- Material for the task -
- - -

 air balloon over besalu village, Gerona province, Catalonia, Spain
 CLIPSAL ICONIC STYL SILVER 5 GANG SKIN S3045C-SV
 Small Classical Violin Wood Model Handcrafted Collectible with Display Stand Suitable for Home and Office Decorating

- - -

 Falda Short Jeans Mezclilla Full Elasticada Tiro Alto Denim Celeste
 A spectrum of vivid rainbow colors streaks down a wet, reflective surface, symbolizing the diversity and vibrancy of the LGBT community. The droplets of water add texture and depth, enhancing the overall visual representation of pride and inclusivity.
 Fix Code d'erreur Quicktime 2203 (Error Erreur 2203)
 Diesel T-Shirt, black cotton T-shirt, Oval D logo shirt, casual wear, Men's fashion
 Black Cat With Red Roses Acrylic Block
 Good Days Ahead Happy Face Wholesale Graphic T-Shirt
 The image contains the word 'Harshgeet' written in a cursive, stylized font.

- - -

- Exercise objective -
Only one stretch of the entries above is wanted: the lines from the one containing "Fix Code d'erreur" through the one containing "Good Days Ahead". Please reproduce it exactly.

- Solution for this exercise -
 Fix Code d'erreur Quicktime 2203 (Error Erreur 2203)
 Diesel T-Shirt, black cotton T-shirt, Oval D logo shirt, casual wear, Men's fashion
 Black Cat With Red Roses Acrylic Block
 Good Days Ahead Happy Face Wholesale Graphic T-Shirt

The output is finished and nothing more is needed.